= Beginning of Section =

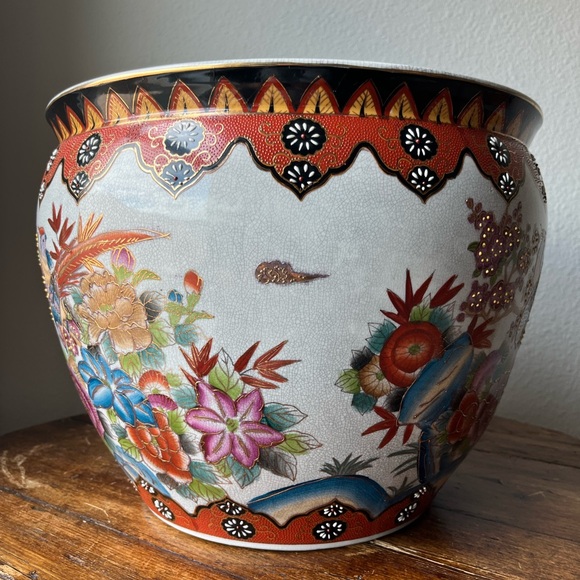 Vintage Chinoiserie Large Porcelain Koi Fish Planter Bowl Cachepot - Picture 5 of 11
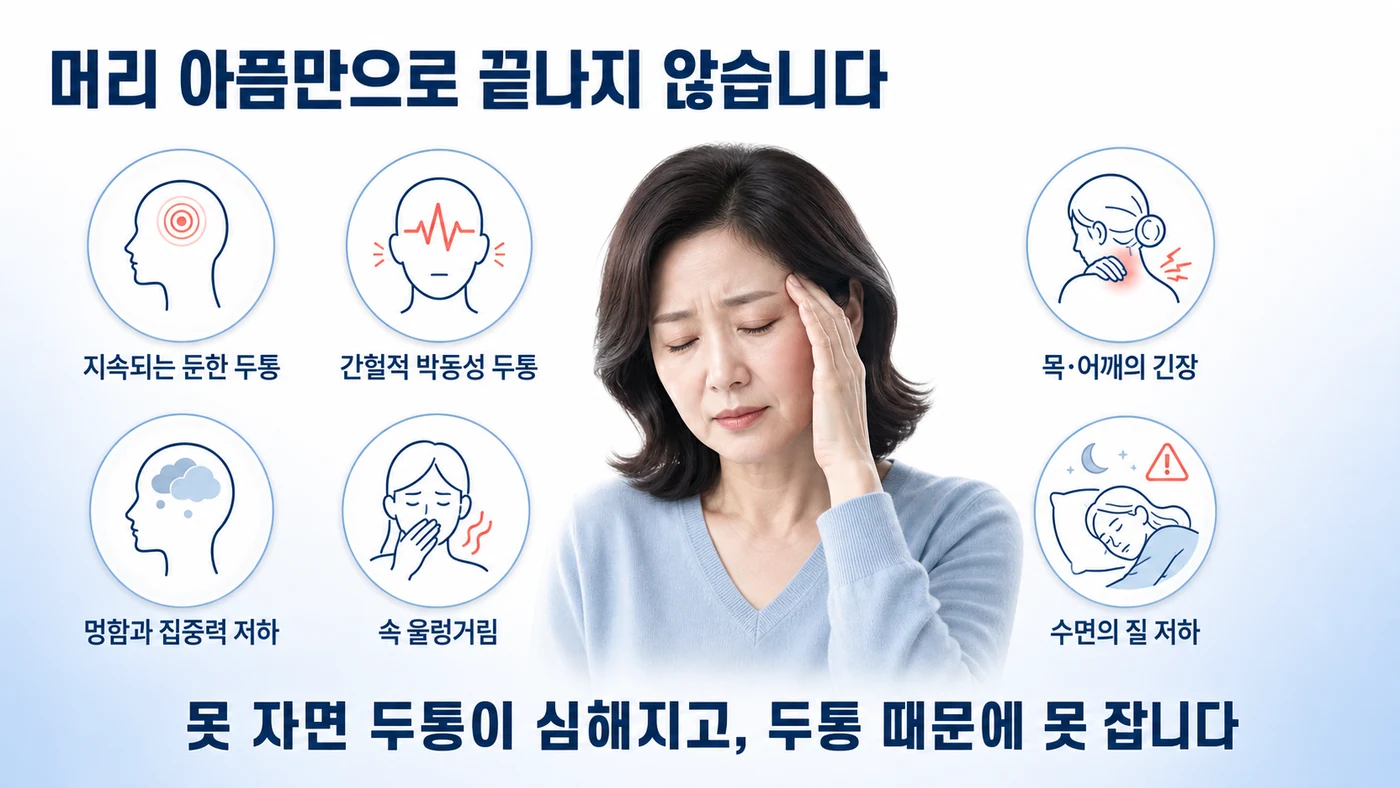 만성두통에 동반되는 목·어깨 긴장, 멍함, 속 울렁거림, 수면의 질 저하 등 여러 증상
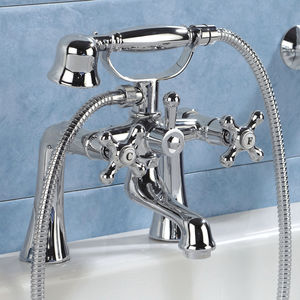 grifo mezclador para bañera / de libre instalación / de metal cromado / de baño
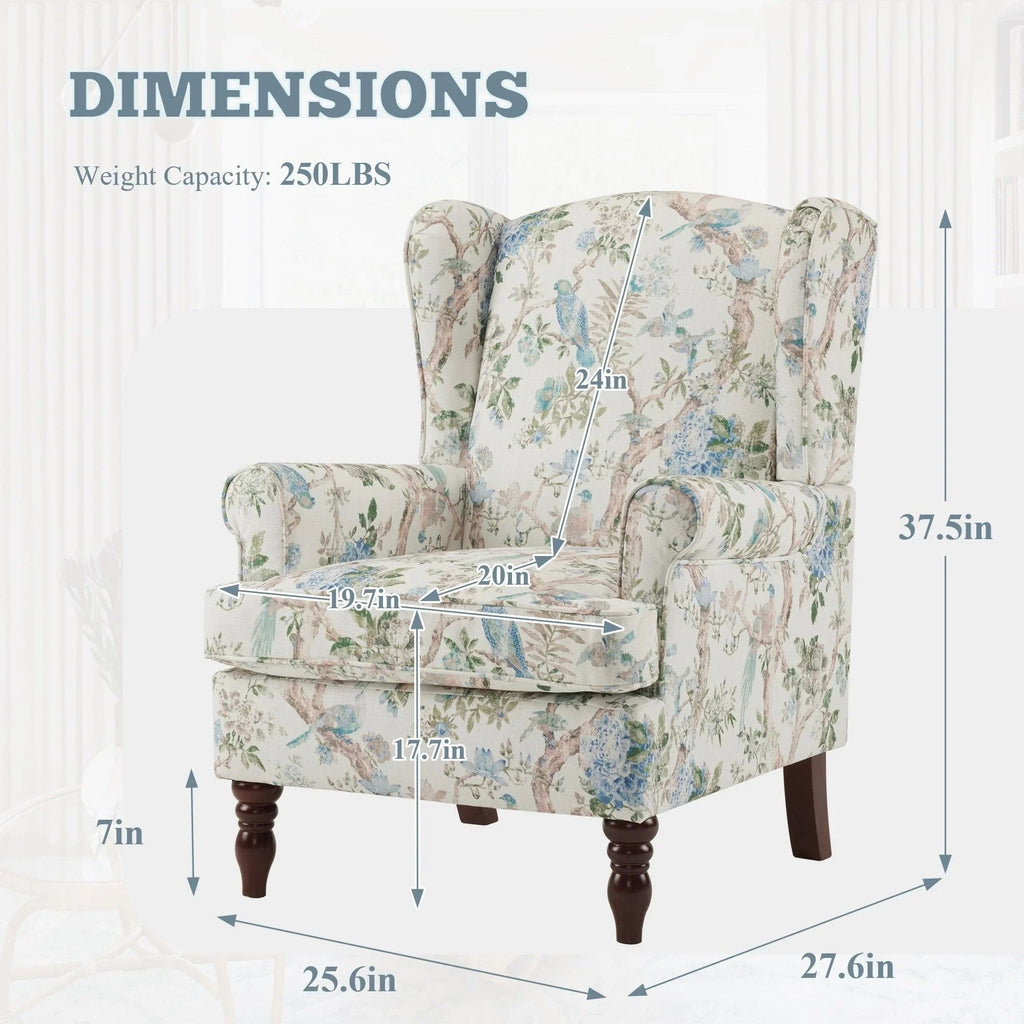 Erommy moderne fauteuil, fauteuil met hoge rugleuning, gestoffeerde eenzitsbank met knopen en houten poten voor de woonkamer
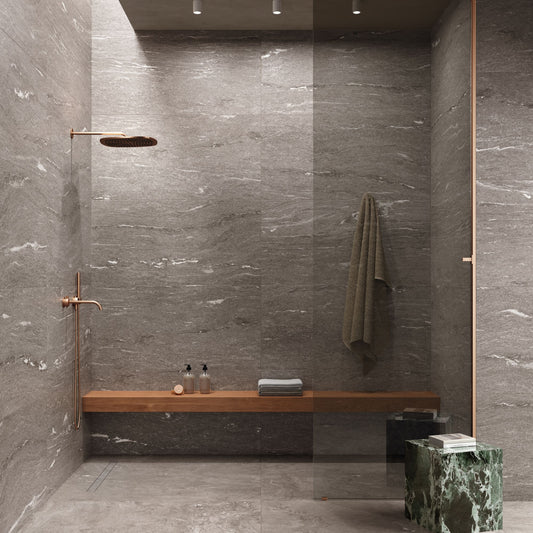 Gres porcellanato ALPINE FONDOVALLE per pavimenti interni effetto pietra con 3D Texture, finitura Real Matt e grandi formati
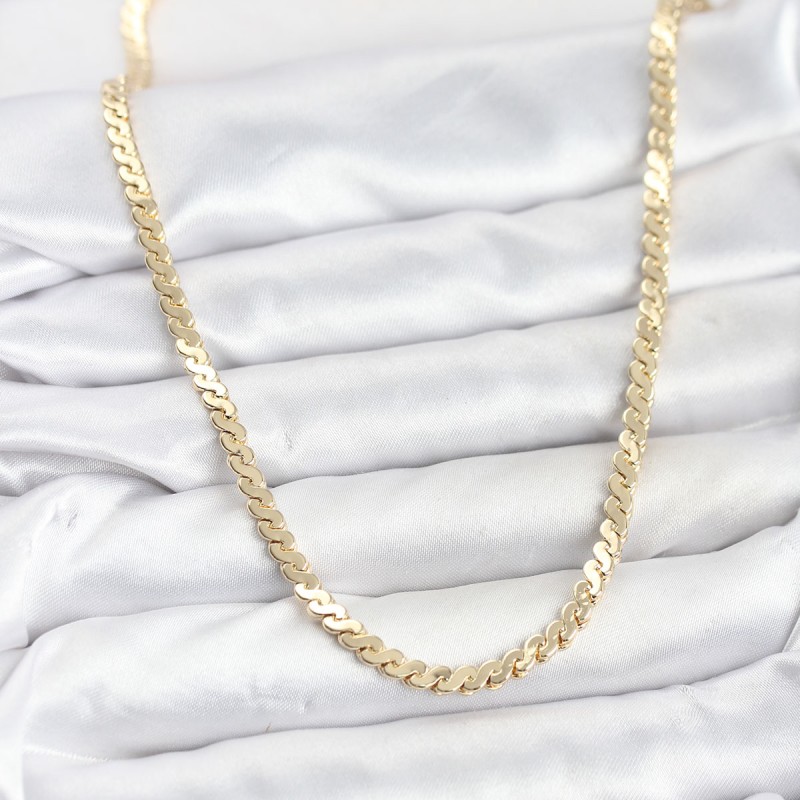 Pirinç Gold Renk Yassı Zincir Kadın Kolye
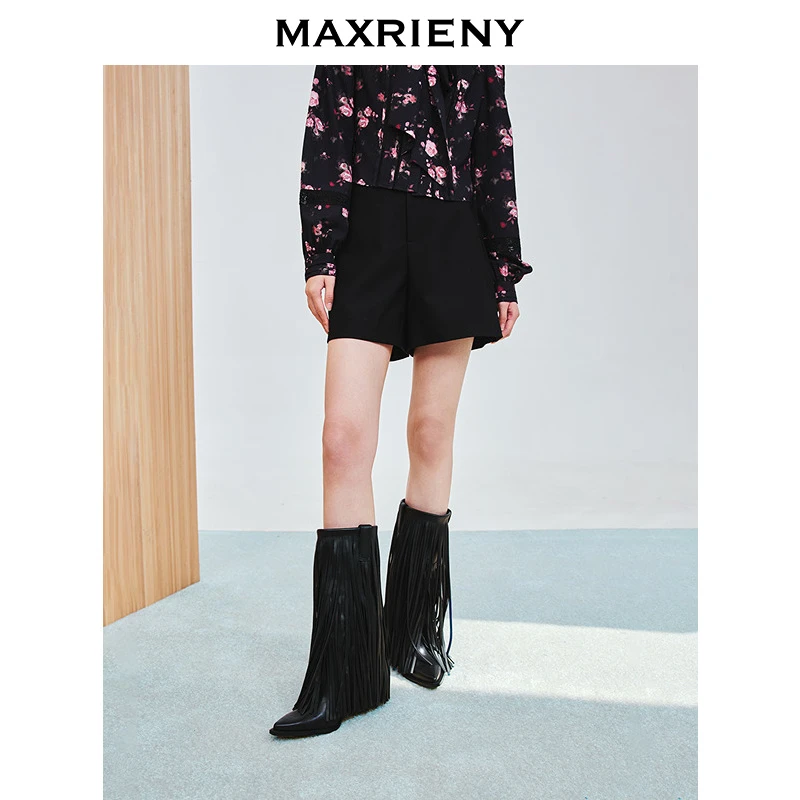 【商场同款-春游记】MAXRIENY小a廓形短裤女高腰阔腿裤25春季新款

= End of Section =

## Exercise
Write out the data once more exactly, omitting the pictures.

## Written answer
 Vintage Chinoiserie Large Porcelain Koi Fish Planter Bowl Cachepot - Picture 5 of 11
 만성두통에 동반되는 목·어깨 긴장, 멍함, 속 울렁거림, 수면의 질 저하 등 여러 증상
 grifo mezclador para bañera / de libre instalación / de metal cromado / de baño
 Erommy moderne fauteuil, fauteuil met hoge rugleuning, gestoffeerde eenzitsbank met knopen en houten poten voor de woonkamer
 Gres porcellanato ALPINE FONDOVALLE per pavimenti interni effetto pietra con 3D Texture, finitura Real Matt e grandi formati
 Pirinç Gold Renk Yassı Zincir Kadın Kolye
 【商场同款-春游记】MAXRIENY小a廓形短裤女高腰阔腿裤25春季新款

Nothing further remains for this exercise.